What is the best cpu and gpu combination?

GPGPU: What is stopping the convergence of GPU and CPU?

  • A GPU contains multiple (~8-16) compute units.  A compute unit contains many (~32) processing elements, each with its own registers.  Each element is, roughly, a thread, but all elements within the same unit must execute the same code (SIMD). It follows that a GPU can simulate a CPU by using a single processing element in a single compute unit.  This is hugely inefficient (no parallelism), but otherwise OK. So why can't a GPU run an operating system, using a single compute unit / processing element as a CPU? Part of the answer is how memory access is managed.  A CPU uses a lot of logic to predict, prefetch and pipeline data, while a GPU does not (instead, it simply switches to another thread while it waits).  But if that is the only important difference then convergence doesn't seem so hard - "just" a matter of bolting the memory management from a CPU onto a GPU and enabling it in certain contexts.
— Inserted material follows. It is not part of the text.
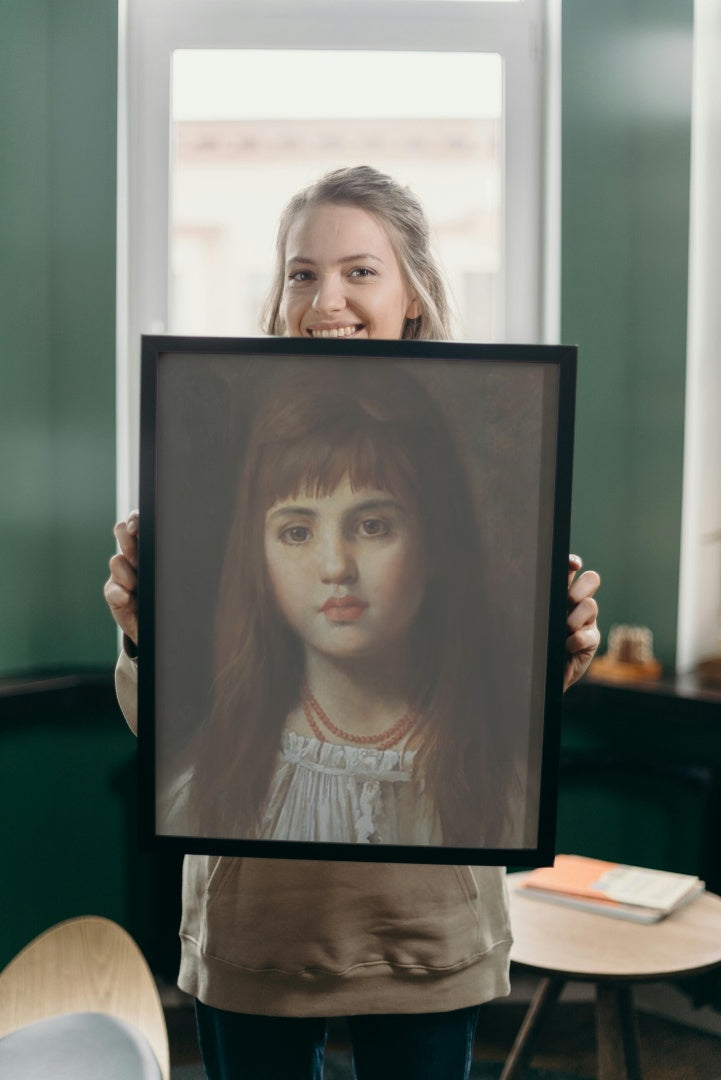 Girl with a misterious smile by Alexei Harlamoff Realism Art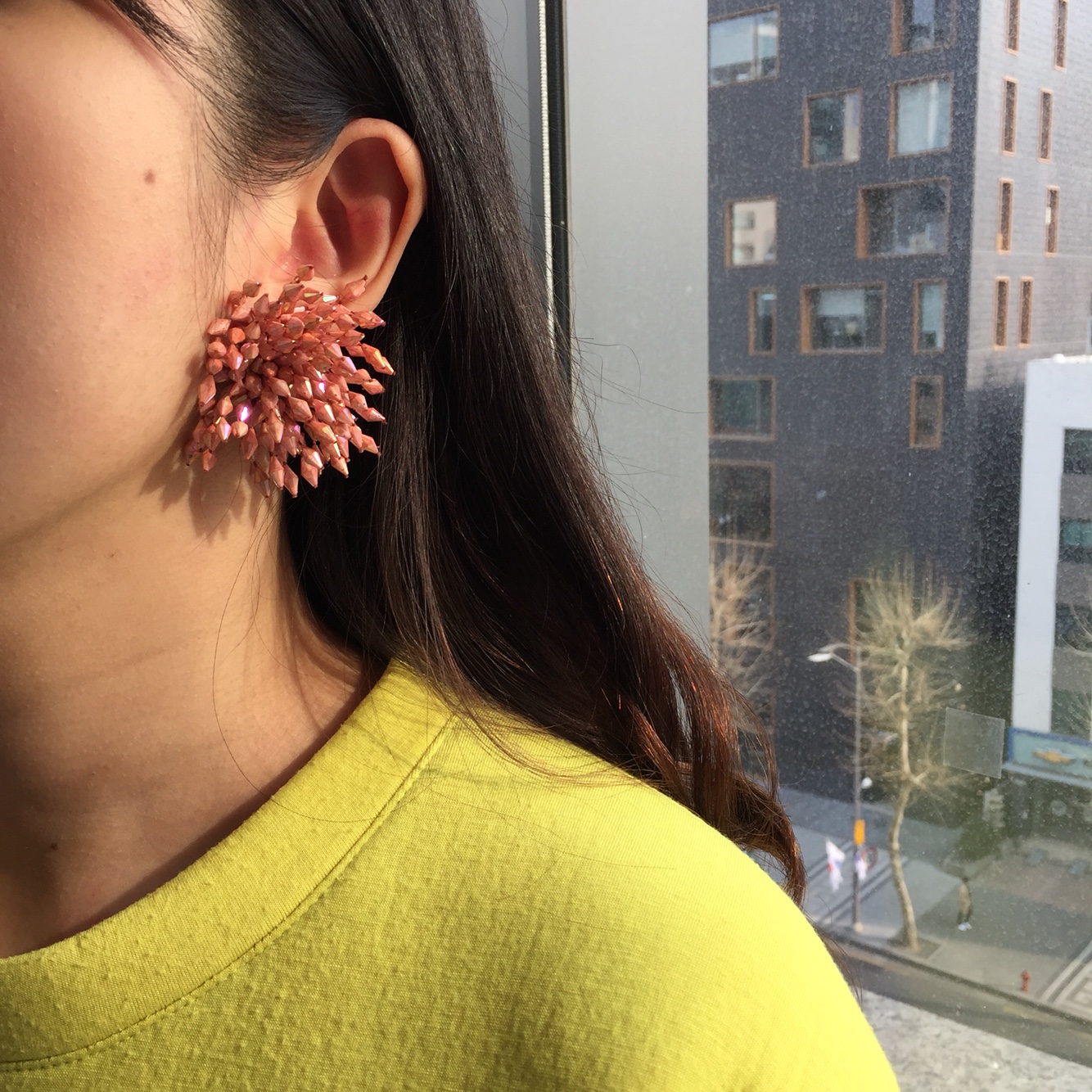 <b><p>Biz flower Kim Hee Sun, Na Yog st earrings</p></b><b><p>ビーズ フラワー キム・ヒソン、 ナヨンstピアス グィチ可能 ボールド 即日発送</p></b><br /><br /><p align='center'>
So what other problems exist? Alternative ways of asking this question (I believe!): Why did Larrabee fail? (ie technically, why is this a hard problem?) Why does Nvidia need ARM cores for Denver rather than just using a single compute unit / processing element as described above? Why are CPUs and GPUs two different classes of things, rather than points on a continuous sliding scale that describes the degree of parallelism required in a processor? Why not have a GPU whose compute units contain 1, 2, 4, 8, ... processing elements, with progressively less prediction / pipelining logic as the parallelism increases?

  • Answer:

    In many ways GPUs currently exist at a level of development for software that is closer to what we had in the 1960s and 1970s, where very talented developers focused huge amounts of resources on optimizing their code for specific hardware architectures. They could then achieve stellar results (by the measure of the day). Eventually, people started to depend more and more on compilers to do that for them. They started to assume that the hardware was "fast enough" to mask inefficiencies in their code. GPUs do not have such capabilities. Next, the reason GPUs are so much "faster" than traditional CISC architectures is that they have absolved themselves of a lot of things that a regular developer assumes exists, even if she doesn't know it. Things like cache coherency. Branch prediction. Out of order execution. This is similar to the above point. GPUs are fast because they take simple architectures and stamp hundreds of them onto a chip. In some odd little way, it's like the ideas behind Danny Hillis' paper and the Connection Machine (CM1/CM2) where thousands of simple CPUs are running in parallel. The problem is, people discovered it's really hard to write "general purpose" applications on that platform. Sure, it can blow away other systems at certain things, like CFD or weather simulations, but that's not what most applications are. In addition, GPUs, by their very nature, often have very rigid constraints on code size, etc, and to keep them fed, a locality of reference requirement in the way data is managed. So the near future, to me, if I were a "betting man", is a tighter coupling of the two pieces. A continuation of the current CPU architectures with a massively parallel (by comparison) adjunct GPU. A form of asymmetrical multiprocessing that has been popular at various points in the past. You continue to ues the general purpose CPU for most code, but the GPU for what it's good for. The start of this is witnessed in things like Apple's Core Image and compositing engine which offloads a lot of the heavy lifting onto the GPU, but not the overall coordination. Or Grand Central Dispatch where you write code that the OS then determines where best to run. All architectures come with trade-offs, and so no one architecture is ever going to solve all problems optimally. A renaissance of architectures is just what this industry needs, not just another single architecture.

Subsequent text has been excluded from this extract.